Copy the records below in full, keeping each word as it is but omitting the pictures.

(Extracted data)

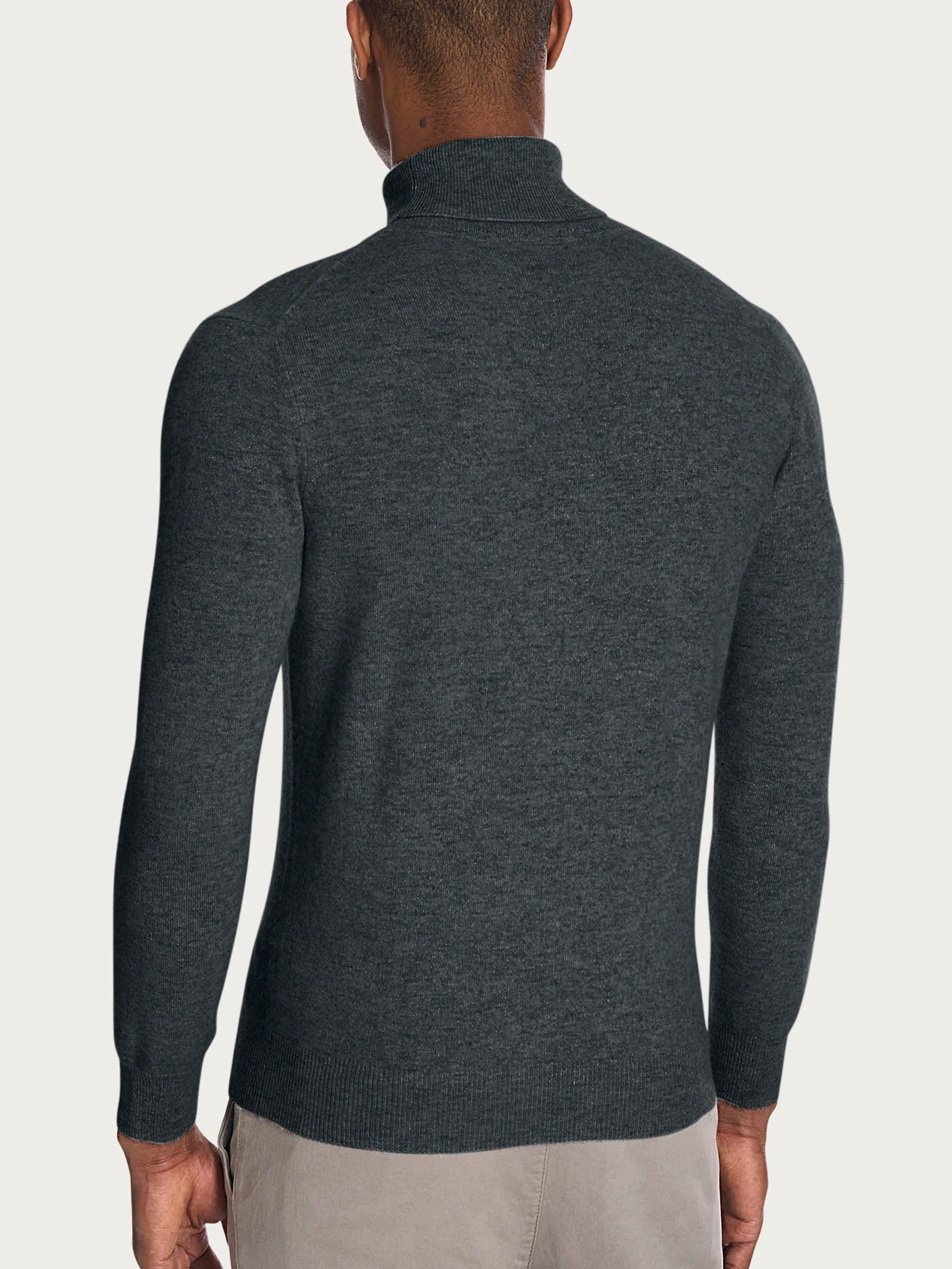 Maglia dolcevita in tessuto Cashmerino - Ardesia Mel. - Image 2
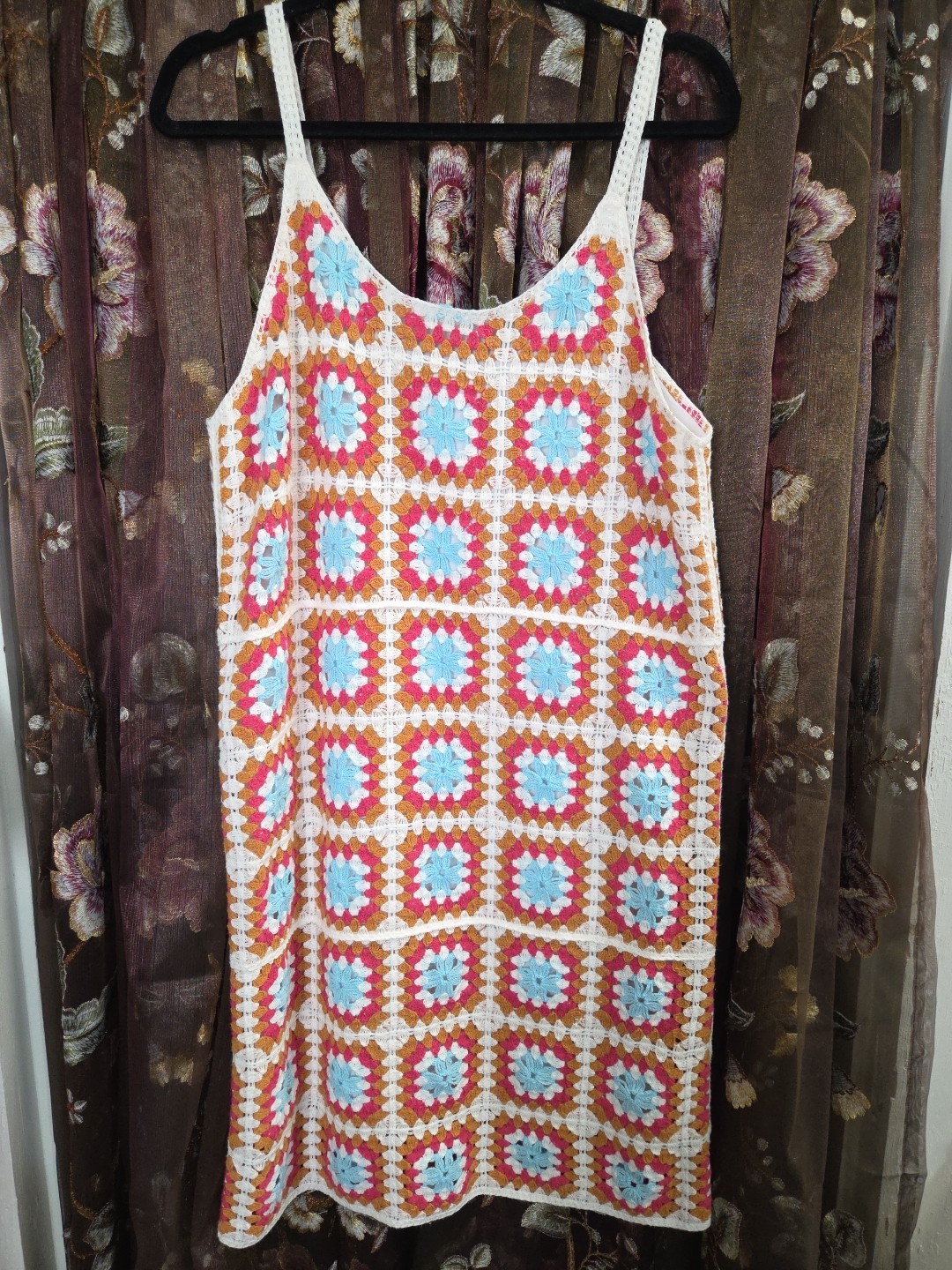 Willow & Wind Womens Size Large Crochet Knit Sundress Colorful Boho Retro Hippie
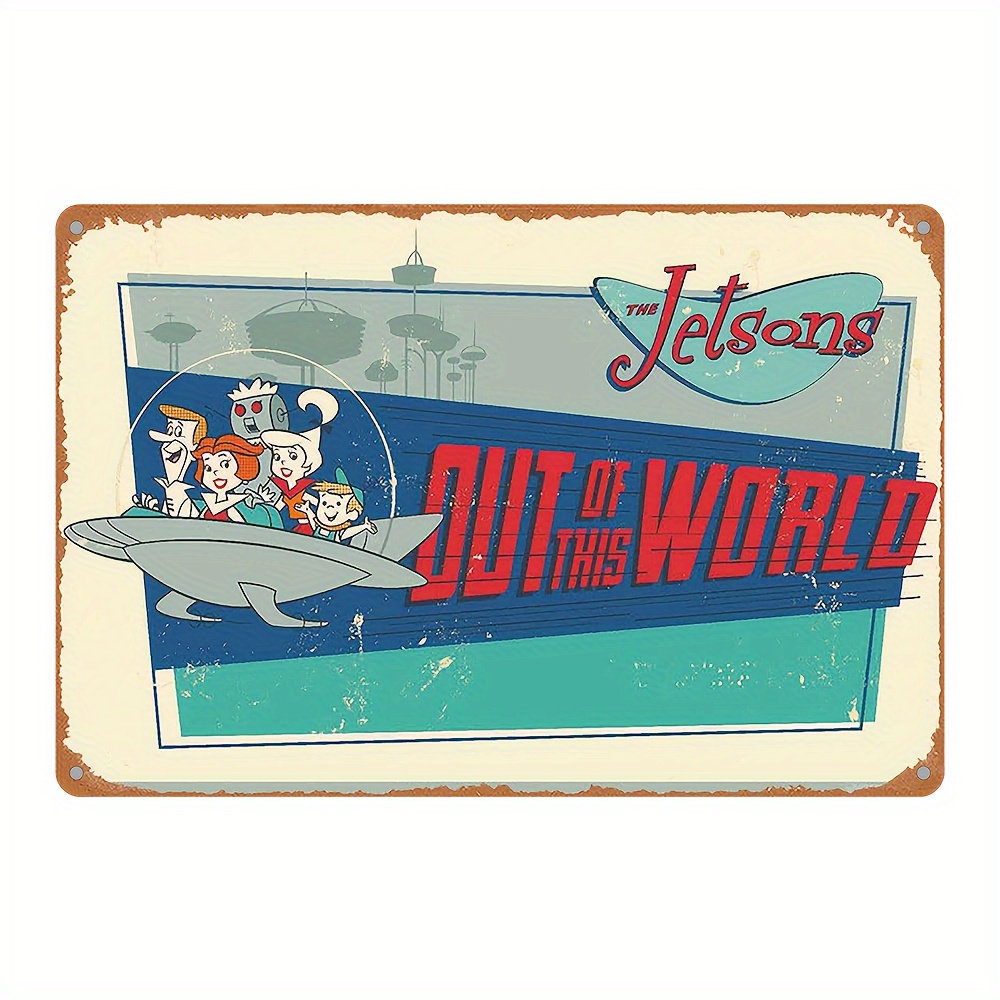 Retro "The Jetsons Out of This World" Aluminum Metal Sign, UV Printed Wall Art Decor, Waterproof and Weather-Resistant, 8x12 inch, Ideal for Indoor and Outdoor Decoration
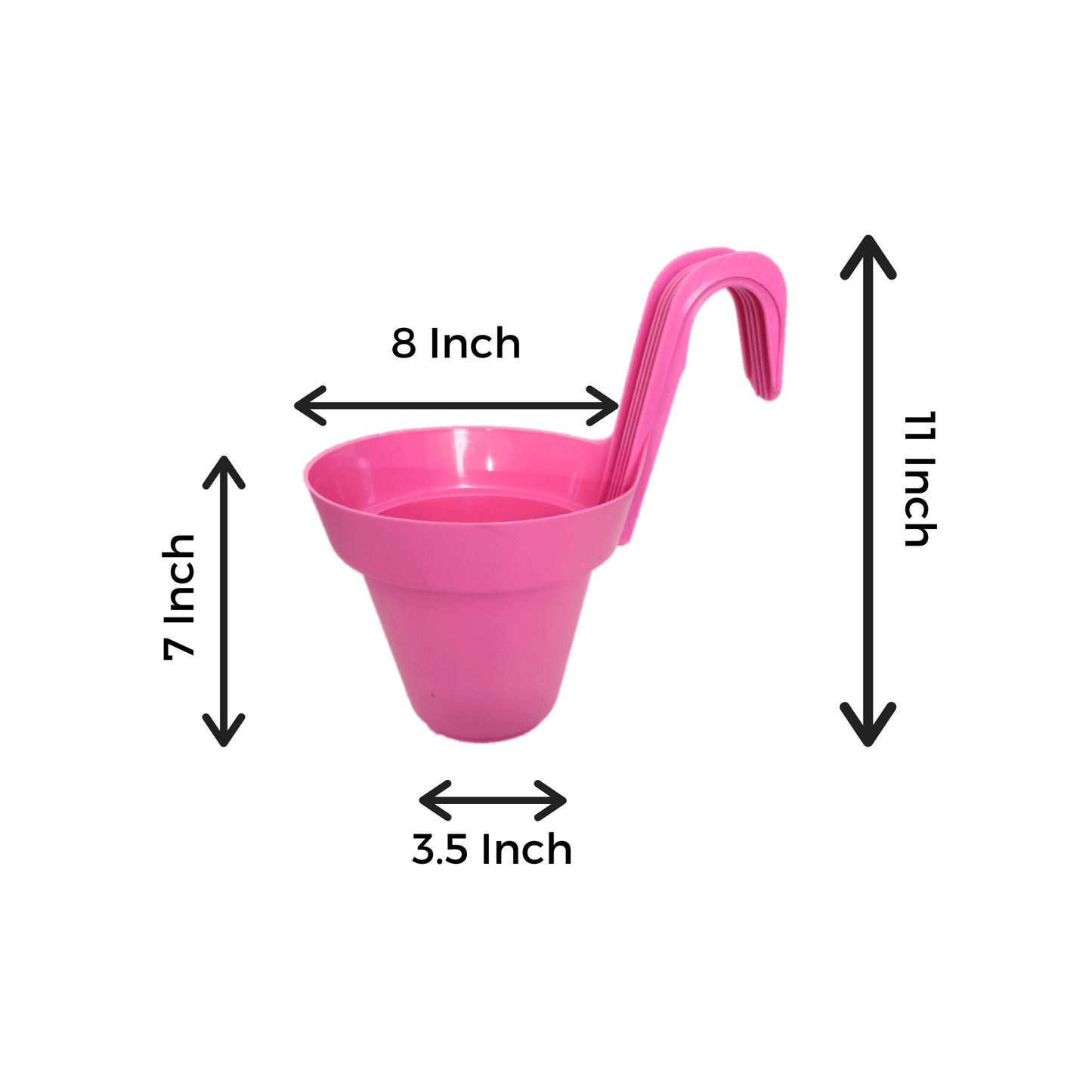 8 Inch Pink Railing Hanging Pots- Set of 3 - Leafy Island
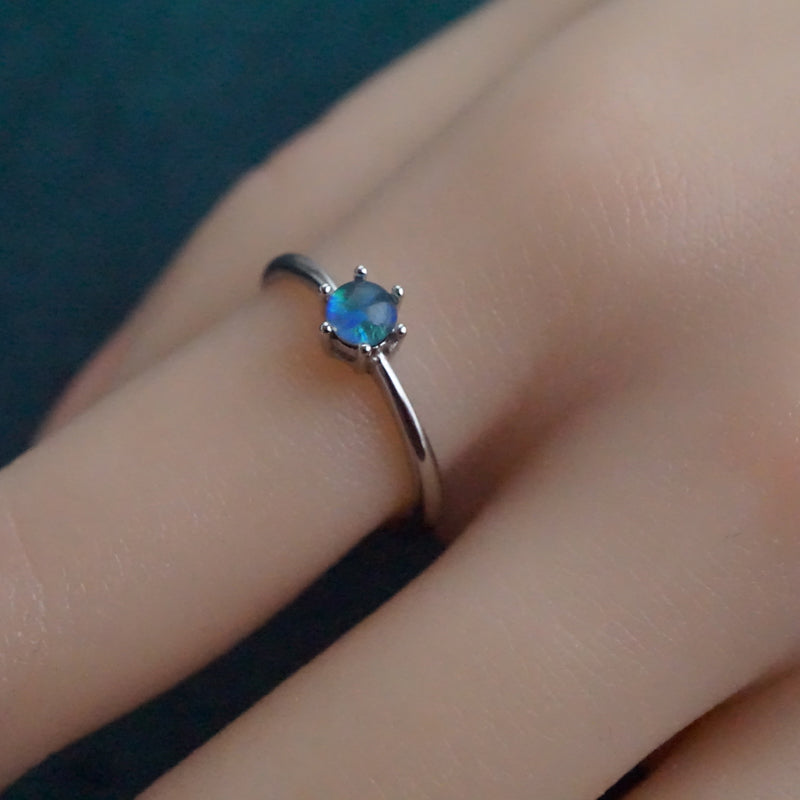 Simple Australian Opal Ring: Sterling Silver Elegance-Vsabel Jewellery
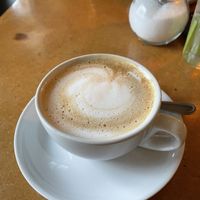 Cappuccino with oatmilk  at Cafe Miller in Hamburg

(End Extracted data)

__Response to the task__
 Maglia dolcevita in tessuto Cashmerino - Ardesia Mel. - Image 2
 Willow & Wind Womens Size Large Crochet Knit Sundress Colorful Boho Retro Hippie
 Retro "The Jetsons Out of This World" Aluminum Metal Sign, UV Printed Wall Art Decor, Waterproof and Weather-Resistant, 8x12 inch, Ideal for Indoor and Outdoor Decoration
 8 Inch Pink Railing Hanging Pots- Set of 3 - Leafy Island
 Simple Australian Opal Ring: Sterling Silver Elegance-Vsabel Jewellery
 Cappuccino with oatmilk  at Cafe Miller in Hamburg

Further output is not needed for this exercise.